W ubiegłym roku do Polski sprowadzono 12,3 mln m3 paliw, czyli o prawie 2,5 mln m3 więcej niż w 2020 r. Krajowa produkcja paliw płynnych w 2021 r. wyniosła 27,2 mln m3. Osiągnięto wzrost roczny na poziomie 3% w stosunku do wyniku z roku poprzedniego. Zwiększenie dostaw na rynek z tego źródła zaopatrzenia wyniosło prawie 870 tys. m3.
Polskie rafinerie przerobiły 24,8 mln ton ropy naftowej – o 4% mniej niż przed rokiem. Około 61% przerabianej ropy stanowiła ropa typu REBCO. Pozostałe, zwiększone o prawie 10 punktów procentowych, zdywersyfikowane dostawy ropy do rafinerii krajowych wyniosły 39%. Dotyczyły one surowca z Arabii Saudyjskiej, Nigerii, Norwegii, Kazachstanu, Iraku i USA.
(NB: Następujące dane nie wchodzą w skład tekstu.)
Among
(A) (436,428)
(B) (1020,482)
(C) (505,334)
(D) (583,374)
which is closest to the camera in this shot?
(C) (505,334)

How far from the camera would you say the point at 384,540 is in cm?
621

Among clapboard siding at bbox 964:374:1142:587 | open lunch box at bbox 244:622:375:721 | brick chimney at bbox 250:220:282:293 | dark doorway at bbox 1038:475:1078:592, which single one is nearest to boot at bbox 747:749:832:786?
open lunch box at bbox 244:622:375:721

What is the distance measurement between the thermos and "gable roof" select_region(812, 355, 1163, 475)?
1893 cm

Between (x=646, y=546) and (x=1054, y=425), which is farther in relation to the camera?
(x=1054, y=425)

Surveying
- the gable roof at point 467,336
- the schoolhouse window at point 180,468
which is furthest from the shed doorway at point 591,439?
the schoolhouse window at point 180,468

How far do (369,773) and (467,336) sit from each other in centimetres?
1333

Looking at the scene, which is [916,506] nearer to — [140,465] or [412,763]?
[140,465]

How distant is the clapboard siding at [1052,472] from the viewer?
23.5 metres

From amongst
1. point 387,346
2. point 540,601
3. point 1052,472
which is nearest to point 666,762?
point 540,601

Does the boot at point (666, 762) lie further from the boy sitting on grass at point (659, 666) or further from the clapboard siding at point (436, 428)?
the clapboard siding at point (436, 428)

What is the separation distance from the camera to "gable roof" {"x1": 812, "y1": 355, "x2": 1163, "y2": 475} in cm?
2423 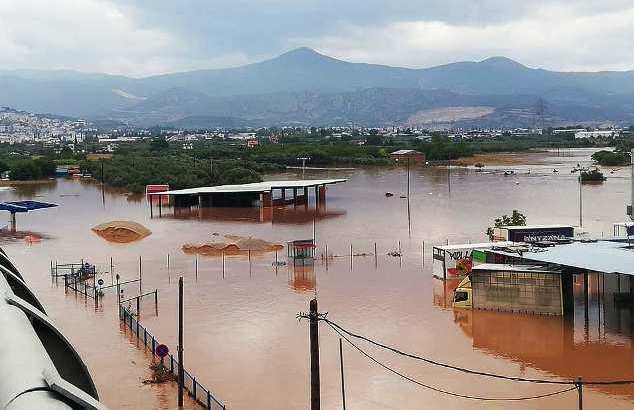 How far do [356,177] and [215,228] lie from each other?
25188mm

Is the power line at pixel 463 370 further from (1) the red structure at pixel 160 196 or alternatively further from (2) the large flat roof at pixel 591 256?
(1) the red structure at pixel 160 196

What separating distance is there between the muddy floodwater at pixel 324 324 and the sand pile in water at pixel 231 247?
1.67ft

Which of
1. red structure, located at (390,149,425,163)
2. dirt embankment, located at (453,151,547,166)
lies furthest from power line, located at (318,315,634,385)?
red structure, located at (390,149,425,163)

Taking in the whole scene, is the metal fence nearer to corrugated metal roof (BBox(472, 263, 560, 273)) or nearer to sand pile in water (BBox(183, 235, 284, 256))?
corrugated metal roof (BBox(472, 263, 560, 273))

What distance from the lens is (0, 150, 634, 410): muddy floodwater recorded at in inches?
421

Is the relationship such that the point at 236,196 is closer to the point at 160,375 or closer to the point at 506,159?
the point at 160,375

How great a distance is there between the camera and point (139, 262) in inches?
834

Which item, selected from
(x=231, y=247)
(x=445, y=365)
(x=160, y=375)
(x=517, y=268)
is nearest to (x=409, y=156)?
(x=231, y=247)

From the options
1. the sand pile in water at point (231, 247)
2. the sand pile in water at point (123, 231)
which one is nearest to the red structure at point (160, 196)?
the sand pile in water at point (123, 231)

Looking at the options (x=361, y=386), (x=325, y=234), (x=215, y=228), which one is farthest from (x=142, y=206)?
(x=361, y=386)

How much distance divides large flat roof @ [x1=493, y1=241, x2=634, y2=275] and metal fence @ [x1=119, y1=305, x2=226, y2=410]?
674 cm

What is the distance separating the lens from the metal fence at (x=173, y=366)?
31.9 feet

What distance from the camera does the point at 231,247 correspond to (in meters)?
22.9

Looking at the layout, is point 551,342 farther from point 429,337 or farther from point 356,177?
point 356,177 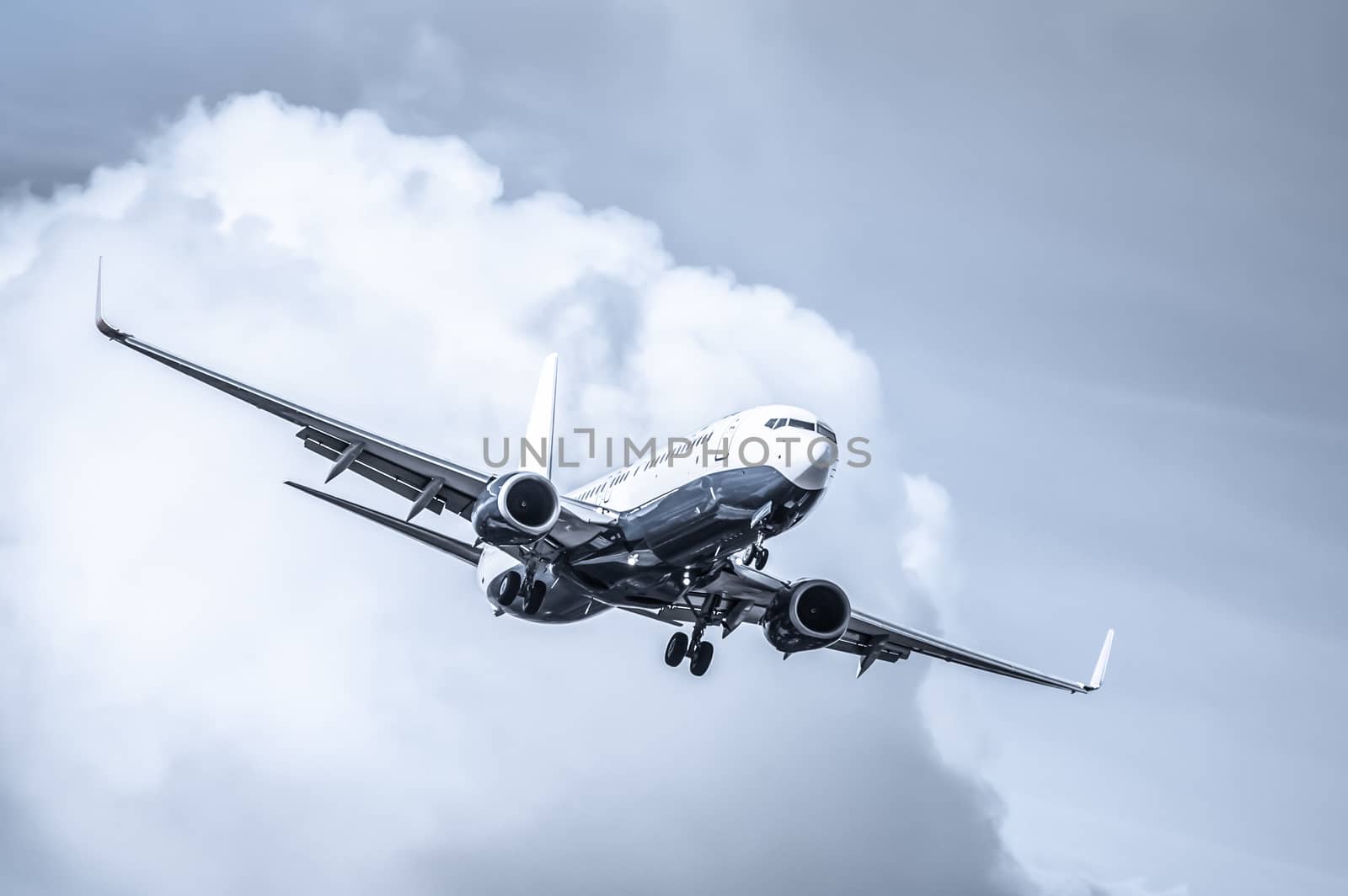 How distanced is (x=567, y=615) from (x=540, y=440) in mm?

Polska Organizacja Przemysłu i Handlu Naftowego przewidywała wzrosty cen detalicznych paliw silnikowych na 2021 r., jednak dynamika wzrostów była wyższa niż prognozowana. Wynikało to z większego zużycia paliw transportowych na świecie, przy ograniczonej podaży. Miało to odzwierciedlenie również w wysokich notowaniach ropy naftowej i gotowych paliw na rynkach międzynarodowych. W Polsce trend wzrostu cen obserwowano w hurcie i na stacjach paliw – mówi dyrektor ds. analiz rynku paliw POPiHN Krzysztof Romaniuk.